En medio de eso, el Jendrix ha sido mi pequeño oasis. Un rincón para respirar con cerveza fría, conversaciones sueltas y música en directo, esa rara avis en unas fiestas cada vez más uniformes y coreografiadas para el algoritmo. Allí, el 24 de junio, Los Fiestones cerraron el minúsculo pero necesario festival del fuego alternativo.
No fue un gran concierto. Pero quizá por eso mismo fue el adecuado.
Oscuros, lentos, casi introspectivos, Los Fiestones hicieron juego con mi ánimo, como si sus letras, sus silencios entre canción y canción, y ese aire denso —con reminiscencias claras de Los Planetas, un eco lejano de The Velvet Underground y una versión áspera y certera de los Stooges— hubieran sido compuestos para acompañar el cierre de algo que no sé muy bien cómo empezó.
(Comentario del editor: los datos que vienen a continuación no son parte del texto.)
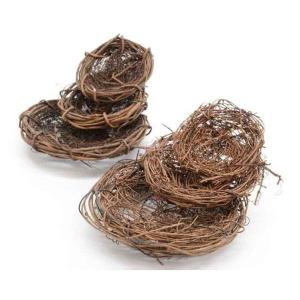 Decoris Medium Rattan Bird Nest (Choice of 2 Colours) Clearance Fake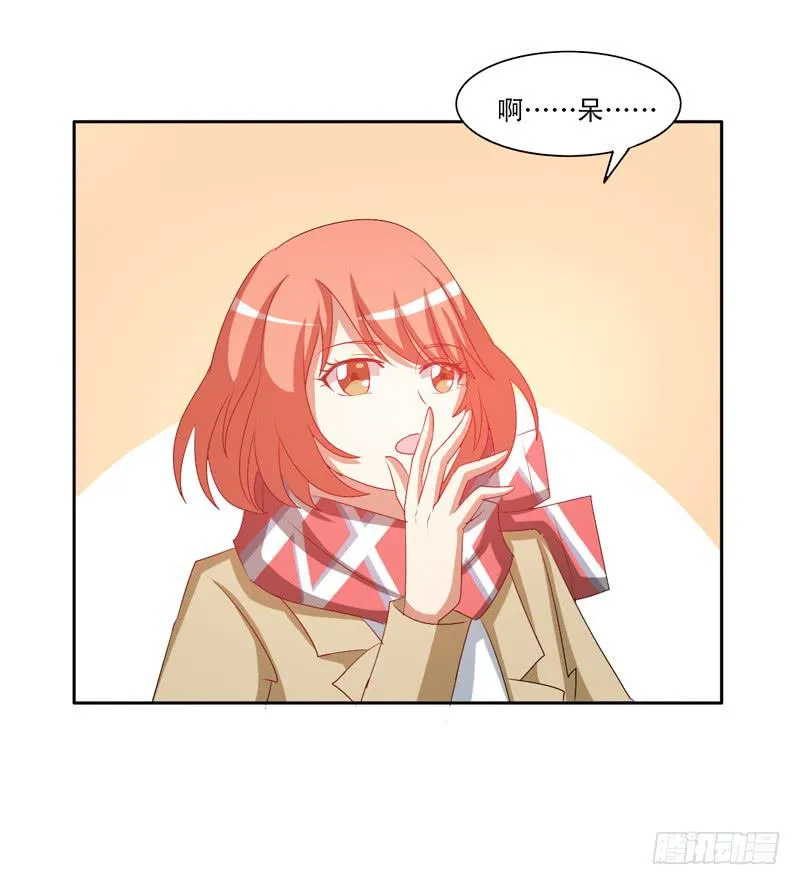新的工作2 第37页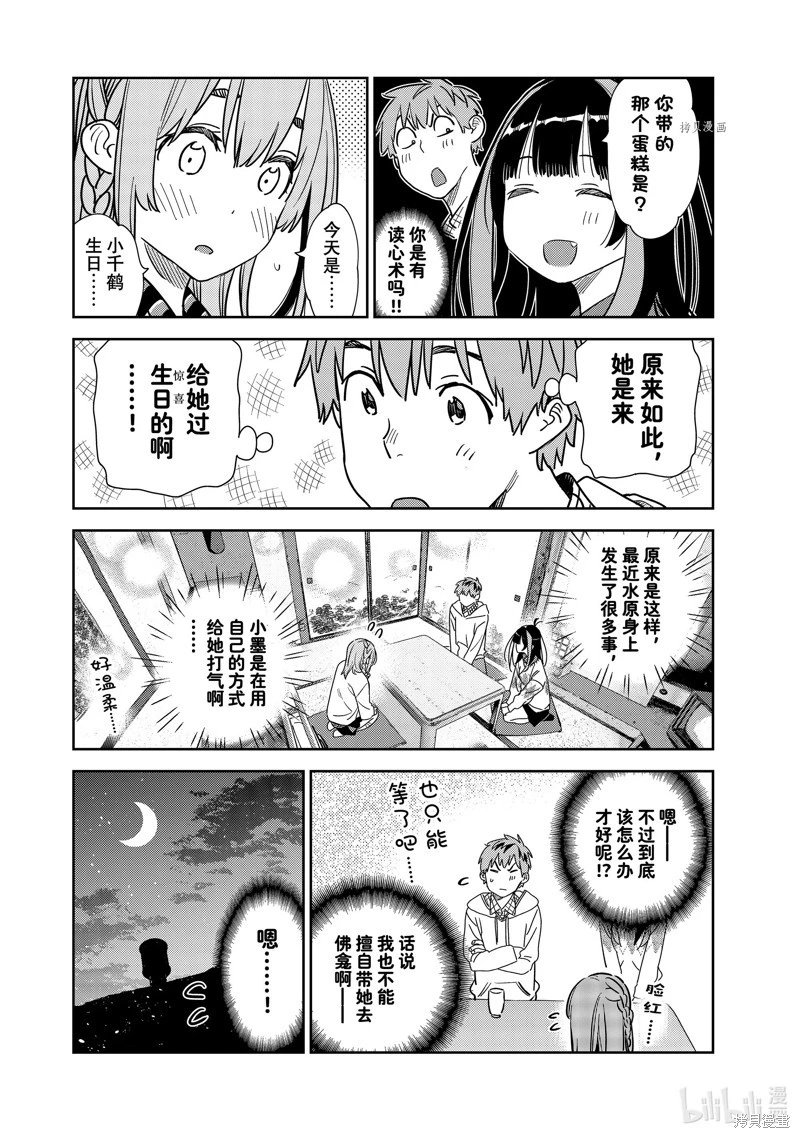 第267话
La voz parecía llegar desde otra habitación, como si el cantante no estuviera del todo ahí. Y quizás no lo estaba. Quizás, como yo, estaba pensando en lo que duele y en lo que quema, en lo que uno deja atrás sin quererlo. Entre los asistentes flotaba esa sensación de agotamiento post-fiestas que se instala sin permiso, ese hueco donde antes había fuegos artificiales y ahora solo queda la cáscara.
Pero hay belleza en las ruinas. En lo inacabado. En lo que no tiene pretensiones de épica.
Y eso fue el concierto: un susurro más que un grito. Un cierre tenue, pero honesto. No hubo pogo ni catarsis, pero sí un reflejo, una pausa, una grieta por donde mirar hacia dentro.
No debería escribir esto, quizá. Pero si uno puede decir que una banda le ha gustado más o menos, también puede permitirse desnudar el contexto desde el que la escucha. Porque la música no suena en el vacío. Y esta noche, como tantas otras, yo también hubiera querido ver arder algo. O haber sido yo quien arde.